As this update felt larger than the normal day-to-day algorithm changes, it seemed only natural it should be worthy of a name. As a result, the name “Google Fred” officially stuck, despite Gary Illyes intending his tongue-in-cheek comment to refer to all future updates.
So how can we tell the difference between the Fred update in March and other updates?
What is Google Fred, really?
In a Q&A session at September’s Brighton SEO, Google Fred was brought up once again, and we got the final word on Fred from Gary Illyes himself. Here’s what Fred’s creator had to say:
Interviewer: Let’s talk about Fred.
Gary Illyes: Who?
Interviewer: You are the person that created Fred. So Fred is basically an algo that…
Gary Illyes: It’s not one algo, it’s all the algos.
Interviewer: So you can confirm it’s not a single algo – it’s a whole umbrella of a bunch of different changes and updates that everyone has just kind of put under this umbrella of “Fred”.
Gary Illyes: Right, so the story behind Fred is that basically I’m an asshole on Twitter. And I’m also very sarcastic which is usually a very bad combination. And Barry Schwartz, because who else, was asking me about some update that we did to the search algorithm.
And I don’t know if you know, but in average we do three or two to three updates to the search algorithm, ranking algorithm every single day.

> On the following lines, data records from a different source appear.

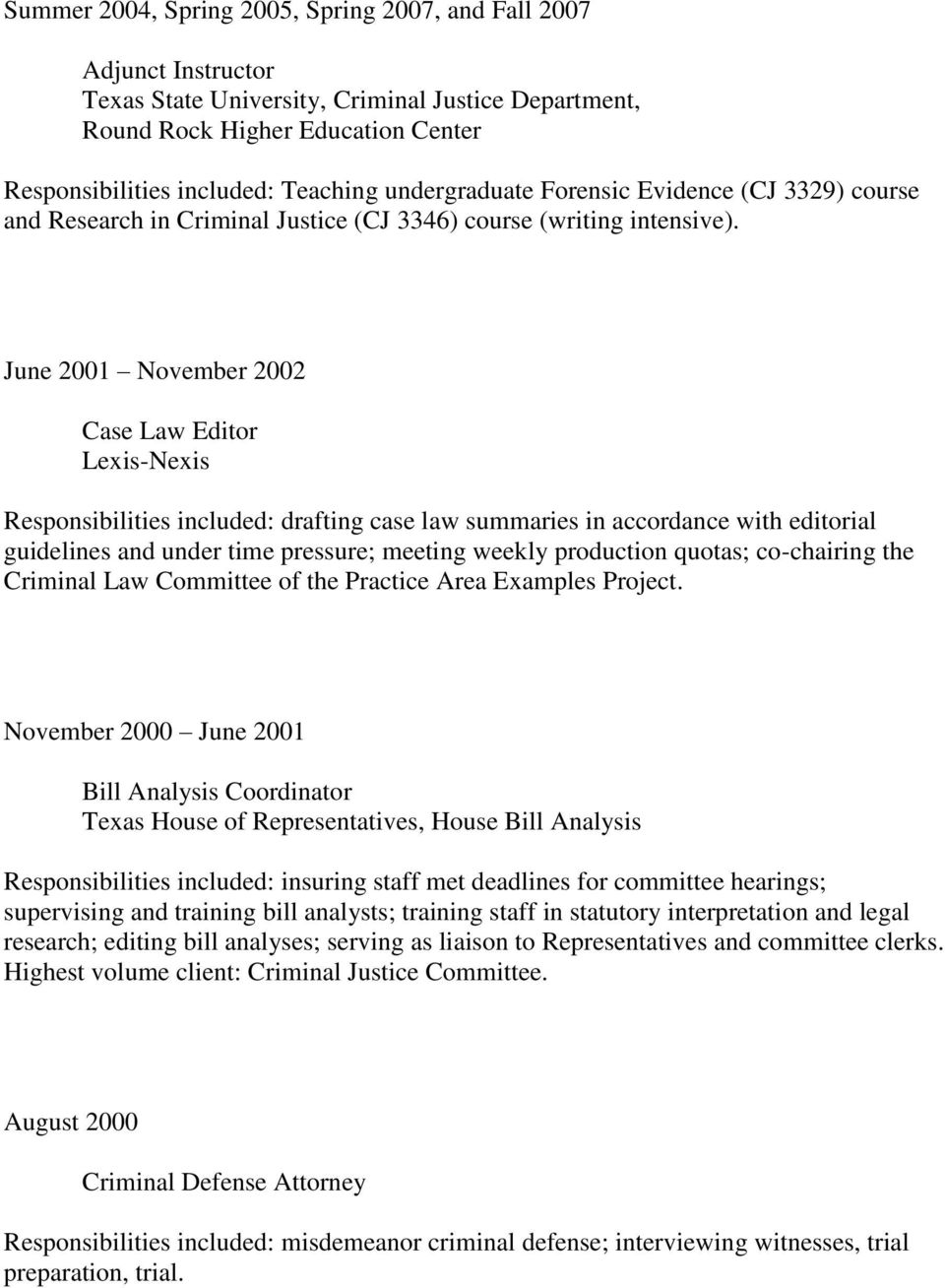 June 2001 November 2002 Case Law Editor Lexis-Nexis Responsibilities included: drafting case law summaries in accordance with editorial guidelines and under time pressure; meeting weekly production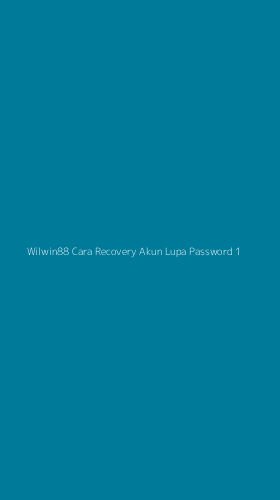 Tampilan Antarmuka Aplikasi Wilwin88 Cara Recovery Akun Lupa Password - 1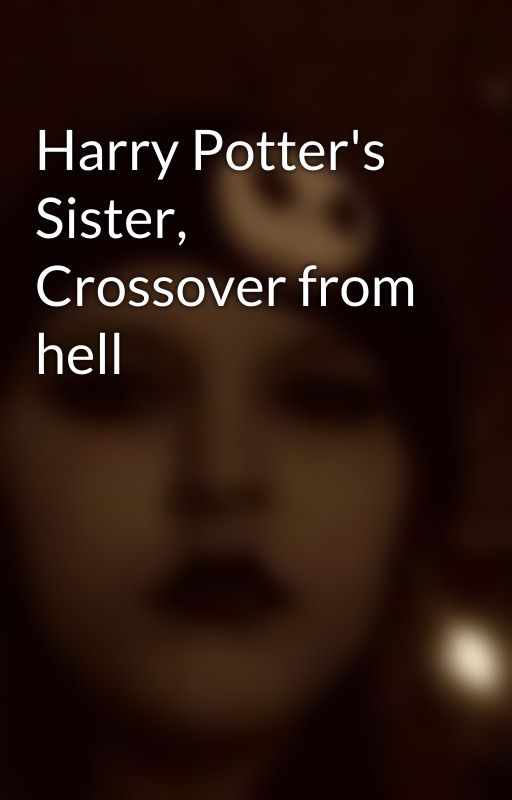 Harry Potter's Sister, Crossover from hell by cherishkm15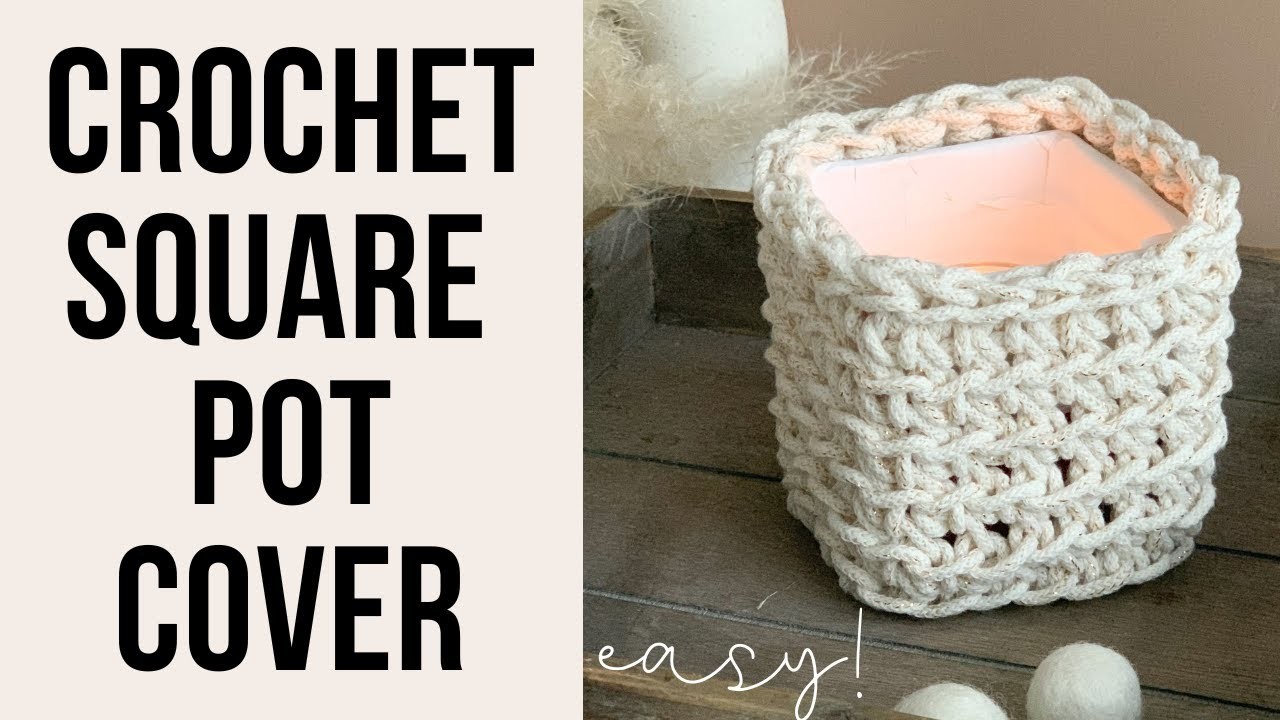 CROCHET SQUARE POT COVER - Beginner Crochet Candle Holder Cover - Square Basket Tutorial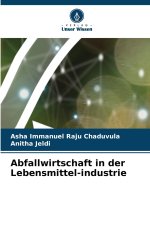Abfallwirtschaft in der Lebensmittel-industrie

So usually our response to Barry is that sure, it’s very likely there was an update. But that day I felt even more sarcastic than I actually am, and I had to tell him that.
Oh, he was begging me practically for a name for the algorithm or update, because he likes Panda or Penguin and what’s the new one. Pork, owl, shit like that. And I just told him that, you know what, from now on every single update that we make – unless we say otherwise – will be called Fred; every single one of them.
Interviewer: So now we’re in a perpetual state of Freds?
Gary Illyes: Correct. Basically every single update that we make is a Fred. I don’t like, or I was sarcastic because I don’t like that people are focusing on this.
Every single update that we make is around quality of the site or general quality, perceived quality of the site, content and the links or whatever. All these are in the Webmaster Guidelines. When there’s something that is not in line with our Webmaster Guidelines, or we change an algorithm that modifies the Webmaster Guidelines, then we update the Webmaster Guidelines as well.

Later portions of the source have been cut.